Assigned task
Retype, without any change, the line that contains "My Finished Bong" and every line that follows it to the end of the entries, and nothing else.

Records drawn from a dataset
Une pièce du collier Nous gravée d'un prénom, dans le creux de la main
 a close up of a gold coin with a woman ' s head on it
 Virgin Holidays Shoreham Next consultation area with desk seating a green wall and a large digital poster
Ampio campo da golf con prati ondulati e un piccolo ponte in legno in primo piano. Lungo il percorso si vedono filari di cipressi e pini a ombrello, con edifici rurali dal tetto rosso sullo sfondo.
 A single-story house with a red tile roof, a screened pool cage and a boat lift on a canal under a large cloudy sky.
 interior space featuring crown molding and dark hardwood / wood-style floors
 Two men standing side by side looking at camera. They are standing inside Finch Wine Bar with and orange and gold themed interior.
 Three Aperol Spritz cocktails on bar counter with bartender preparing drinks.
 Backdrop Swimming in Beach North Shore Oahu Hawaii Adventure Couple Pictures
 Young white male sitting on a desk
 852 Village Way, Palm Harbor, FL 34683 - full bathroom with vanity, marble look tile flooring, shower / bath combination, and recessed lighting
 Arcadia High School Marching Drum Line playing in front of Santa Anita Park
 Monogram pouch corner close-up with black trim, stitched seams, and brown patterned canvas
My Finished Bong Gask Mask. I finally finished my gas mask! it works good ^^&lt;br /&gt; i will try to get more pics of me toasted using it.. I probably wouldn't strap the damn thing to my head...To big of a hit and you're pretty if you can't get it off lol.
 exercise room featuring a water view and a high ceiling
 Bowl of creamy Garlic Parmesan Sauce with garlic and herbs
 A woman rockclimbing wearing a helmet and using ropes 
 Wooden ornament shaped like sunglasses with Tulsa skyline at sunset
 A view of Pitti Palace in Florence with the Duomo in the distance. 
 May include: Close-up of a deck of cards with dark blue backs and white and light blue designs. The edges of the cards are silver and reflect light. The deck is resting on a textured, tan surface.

Response below
My Finished Bong Gask Mask. I finally finished my gas mask! it works good ^^&lt;br /&gt; i will try to get more pics of me toasted using it.. I probably wouldn't strap the damn thing to my head...To big of a hit and you're pretty if you can't get it off lol.
 exercise room featuring a water view and a high ceiling
 Bowl of creamy Garlic Parmesan Sauce with garlic and herbs
 A woman rockclimbing wearing a helmet and using ropes 
 Wooden ornament shaped like sunglasses with Tulsa skyline at sunset
 A view of Pitti Palace in Florence with the Duomo in the distance. 
 May include: Close-up of a deck of cards with dark blue backs and white and light blue designs. The edges of the cards are silver and reflect light. The deck is resting on a textured, tan surface.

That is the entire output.